6. If a Standalone (Algorithm Only Without Human-in-the-Loop Performance) Was Done
The performance studies described (Precision, LoB, LoD, LoQ, Linearity, Interferences, Cross-Reactivity, Sample Matrix Comparison, Method Comparison) are all standalone performance evaluations of the assay system (reagents + instrument) without human-in-the-loop interpretation. The device's primary function is to quantitatively measure testosterone, and its performance is assessed directly against analytical standards and reference methods.
7. The Type of Ground Truth Used
- Reference Method: ID-GC/MS (Isotope Dilution - Gas Chromatography/Mass Spectrometry) serves as the primary reference method for traceability and standardization.
- Known Concentrations: Control materials (e.g., PreciControl Universal) and spiked samples with known concentrations of analytes and interferents are used.
- Predetermined Clinical Values: Samples for method comparison include those that span the measuring range, implying a range of clinically relevant testosterone levels.
8. The Sample Size for the Training Set
The document describes analytical performance studies for validation (test set), but does not explicitly mention a "training set" in the context of algorithm development. Immunoassays like the Elecsys Testosterone II are typically developed and optimized using a range of samples during the research and development phase to establish reagent formulations, reaction kinetics, and calibration curves.
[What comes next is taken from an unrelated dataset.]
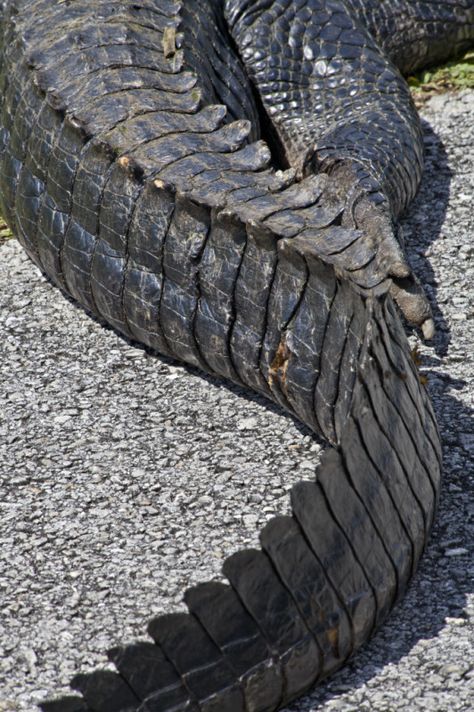 gator tail Crocodile Tail Drawing, Gator Reference, Alligator Monster, Gator Tail, Crocodile Pictures, Alligator Tail, Crocodile Tail, Close Up Art, Evil Disney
However, the exact sample sizes for this initial developmental "training" are not usually detailed in 510(k) summaries, which focus on the validation data.
9. How the Ground Truth for the Training Set Was Established
Similar to point 8, the document does not detail the "training set" for algorithm development. For IVD assays, the "training" involves establishing the master curve and optimizing reagents to accurately measure testosterone across its dynamic range. This optimization would rely on:
- Characterized reference materials: Samples with known testosterone concentrations, often established by highly accurate reference methods like ID-GC/MS.
- Clinical samples: A broad range of human serum and plasma samples from various populations (males, females, different age groups, healthy, and those with relevant disorders) would be used to ensure the assay performs reliably across the intended use population.
- Spiked samples: Samples with known additions of testosterone or interfering substances to evaluate various aspects of assay performance.